Competition for Australian wheat in its biggest export market is set to increase after three Russian laboratories were approved to certify wheat for export to Indonesia last Friday.
Black Sea wheat exports to Indonesia have been increasing in recent years, with prices around $20-$30 a tonne lower than Indonesia has been paying for Australian wheat.
Indonesian wheat imports by origin:
|Total Indonesian imports:||7765||9463||9066|
Source: Lachstock Consulting
Australia has supplied around 50-60 per cent of Indonesia’s annual wheat requirements for more than a decade, but Black Sea wheat imports grew to account for 16pc of Indonesia’s total imports last year, according to Rabobank.
It seems likely more Black Sea wheat will be heading for Indonesia after the Indonesian Ministry of Agriculture approved three laboratories in Moscow to conduct phytosanitary tests and provide certification to allow Indonesian importers to buy Russian wheat.
Under the new regulations for the import of fresh food of plant origin (FFPO) introduced by Indonesia in February, countries wishing to export grain to Indonesia must first apply for food safety recognition of individual laboratories.
Since then a laboratory in Odessa, Ukraine, was registered and approved for FFPO, with 51 pesticides residues to be tested for Ukrainian wheat.
Russia’s phytosanitary authority, Rosselkhoznadzor, confirmed on Friday that three laboratories in Moscow have received approval from the Indonesian Ministry of Agriculture.
“Taking into account Russia’s potential for increasing grain exports to Indonesia, the acknowledgement of the Russian laboratories will facilitate further development and improvement of the Russian-Indonesian trade and economic cooperation,” a Rosselkhoznadzor statement said.
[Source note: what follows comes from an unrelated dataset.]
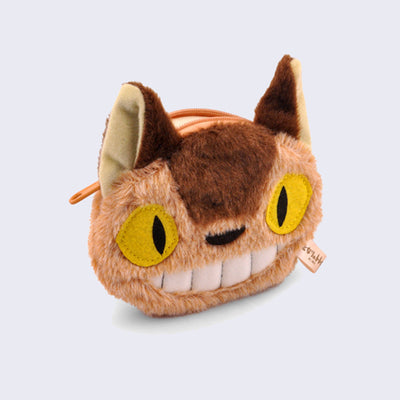 Fluffy coin pouch shaped as the face of Catbus from My Neighbor Totoro, with sewn on yellow eyes and a wide smile.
Testing on 83 pesticides will be conducted, in addition to tests on limits of heavy metals and mycotoxin, according to international commodity news agency, Platts.
“With Russia expected to export a record 30 million metric tonnes of wheat amid bountiful harvest in 2016-2017, a new sales outlet could be an opportunity for both sellers of Black Sea wheat and Indonesian millers seeking to cut costs,” Platts reported.
Competition into Indonesia from Black Sea wheats has been developing for some time, as Nidera trading manager Matthew Pattison explained to Grain Central this morning.
“The Australian wheats being displaced are typically ASW grade, against which competitor wheats such as equivalent grade of Ukrainian wheat is coming to market perhaps $US20/mt cheaper at origin, as well as facing smaller freight differential today”, he said.
“Global bulk freight rates have become cheaper and Australia’s advantage to markets like Indonesia has eroded from around $US25/mt to around $12/mt now.”
Russia grows wheat from crops planted in winter and spring. The winter wheat crop, accounting for around two-thirds of its total wheat production, has experienced excellent growing conditions and has been harvested with very high yields.
The United States Department of Agriculture (USDA) last week estimated the total Russian wheat crop in 2016/17 to be 72mt, at least 10mt greater than either of the past two years.
The winter wheat crop in Russia is all harvested and stored now, and is in good condition.
The significance of this year’s big Russian wheat harvest, according to Mr Pattison, is that Australian wheat exports will endure price pressure from Black Sea origin wheat for the entire year ahead.
The spring wheat harvest in the region is underway.